MATERIAL SHOWN Block Start

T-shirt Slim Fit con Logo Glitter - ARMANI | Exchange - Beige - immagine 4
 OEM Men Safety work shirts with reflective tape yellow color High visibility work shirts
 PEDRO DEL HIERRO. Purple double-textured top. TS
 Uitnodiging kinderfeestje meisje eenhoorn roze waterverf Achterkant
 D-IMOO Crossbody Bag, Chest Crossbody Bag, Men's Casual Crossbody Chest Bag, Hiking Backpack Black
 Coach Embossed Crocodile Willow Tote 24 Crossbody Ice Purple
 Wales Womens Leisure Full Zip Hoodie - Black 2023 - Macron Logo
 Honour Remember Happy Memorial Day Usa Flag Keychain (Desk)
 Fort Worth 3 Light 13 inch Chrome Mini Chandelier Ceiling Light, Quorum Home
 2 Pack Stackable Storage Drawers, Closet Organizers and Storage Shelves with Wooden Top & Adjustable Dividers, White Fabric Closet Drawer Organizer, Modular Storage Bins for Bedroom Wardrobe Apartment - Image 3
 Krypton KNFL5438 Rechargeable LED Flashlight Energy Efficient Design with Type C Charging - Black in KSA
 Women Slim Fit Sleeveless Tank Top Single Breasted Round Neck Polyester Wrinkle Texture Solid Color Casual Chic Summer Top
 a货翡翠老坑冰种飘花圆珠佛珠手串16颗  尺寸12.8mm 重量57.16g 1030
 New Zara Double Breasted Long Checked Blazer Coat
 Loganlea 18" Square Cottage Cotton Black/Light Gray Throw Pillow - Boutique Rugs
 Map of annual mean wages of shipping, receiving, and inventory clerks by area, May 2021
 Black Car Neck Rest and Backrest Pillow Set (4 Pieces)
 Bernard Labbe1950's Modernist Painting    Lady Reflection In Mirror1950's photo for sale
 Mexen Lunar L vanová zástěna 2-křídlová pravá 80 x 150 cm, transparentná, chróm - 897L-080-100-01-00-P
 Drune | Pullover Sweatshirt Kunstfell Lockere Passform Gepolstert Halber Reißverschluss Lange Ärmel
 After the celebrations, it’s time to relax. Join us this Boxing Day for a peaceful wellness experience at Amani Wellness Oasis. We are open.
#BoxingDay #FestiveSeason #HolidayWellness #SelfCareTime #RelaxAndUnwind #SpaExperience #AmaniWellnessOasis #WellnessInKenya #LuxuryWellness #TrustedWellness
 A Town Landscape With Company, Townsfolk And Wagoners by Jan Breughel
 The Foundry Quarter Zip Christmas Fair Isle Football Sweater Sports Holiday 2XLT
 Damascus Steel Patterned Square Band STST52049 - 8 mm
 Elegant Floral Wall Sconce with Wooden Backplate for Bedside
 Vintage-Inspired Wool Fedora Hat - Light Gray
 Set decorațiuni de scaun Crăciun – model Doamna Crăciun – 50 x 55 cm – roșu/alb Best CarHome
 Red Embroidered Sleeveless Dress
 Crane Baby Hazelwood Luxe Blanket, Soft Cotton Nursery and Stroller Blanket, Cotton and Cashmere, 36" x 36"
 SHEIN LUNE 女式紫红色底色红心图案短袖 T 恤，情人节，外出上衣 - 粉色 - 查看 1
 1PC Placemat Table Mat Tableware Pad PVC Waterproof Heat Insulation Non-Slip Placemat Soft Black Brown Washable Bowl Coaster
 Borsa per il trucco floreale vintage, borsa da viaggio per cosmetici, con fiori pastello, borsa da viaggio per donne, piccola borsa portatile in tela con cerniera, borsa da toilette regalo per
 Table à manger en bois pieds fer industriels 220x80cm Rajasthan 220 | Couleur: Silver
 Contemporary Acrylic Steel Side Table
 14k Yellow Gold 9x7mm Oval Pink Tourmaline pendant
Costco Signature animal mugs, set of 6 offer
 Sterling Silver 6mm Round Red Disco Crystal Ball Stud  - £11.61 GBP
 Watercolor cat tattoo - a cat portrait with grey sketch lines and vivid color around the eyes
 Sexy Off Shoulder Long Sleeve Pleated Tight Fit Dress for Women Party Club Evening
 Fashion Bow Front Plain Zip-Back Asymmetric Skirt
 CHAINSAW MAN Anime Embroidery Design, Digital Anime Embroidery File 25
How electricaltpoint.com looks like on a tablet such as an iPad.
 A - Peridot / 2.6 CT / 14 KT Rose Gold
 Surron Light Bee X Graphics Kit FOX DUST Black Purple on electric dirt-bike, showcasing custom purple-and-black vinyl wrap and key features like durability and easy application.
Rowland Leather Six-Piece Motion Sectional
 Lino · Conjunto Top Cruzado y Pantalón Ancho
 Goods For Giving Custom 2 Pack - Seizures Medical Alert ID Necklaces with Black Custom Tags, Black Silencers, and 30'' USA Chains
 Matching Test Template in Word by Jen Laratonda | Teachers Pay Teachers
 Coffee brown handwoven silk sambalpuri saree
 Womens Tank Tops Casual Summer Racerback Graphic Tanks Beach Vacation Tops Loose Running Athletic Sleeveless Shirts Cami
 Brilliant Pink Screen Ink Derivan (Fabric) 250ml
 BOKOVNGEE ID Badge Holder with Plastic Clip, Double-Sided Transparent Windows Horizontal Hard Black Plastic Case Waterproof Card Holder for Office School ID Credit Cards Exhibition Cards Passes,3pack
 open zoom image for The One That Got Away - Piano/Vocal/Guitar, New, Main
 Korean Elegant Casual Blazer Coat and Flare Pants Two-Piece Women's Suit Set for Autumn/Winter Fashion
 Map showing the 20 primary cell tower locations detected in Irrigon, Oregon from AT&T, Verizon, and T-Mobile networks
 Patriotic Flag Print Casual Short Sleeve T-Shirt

MATERIAL SHOWN Block End

Nothing but the lines from the one with "open zoom image" to the last line of the data should appear in the answer, each exactly as it stands.

 open zoom image for The One That Got Away - Piano/Vocal/Guitar, New, Main
 Korean Elegant Casual Blazer Coat and Flare Pants Two-Piece Women's Suit Set for Autumn/Winter Fashion
 Map showing the 20 primary cell tower locations detected in Irrigon, Oregon from AT&T, Verizon, and T-Mobile networks
 Patriotic Flag Print Casual Short Sleeve T-Shirt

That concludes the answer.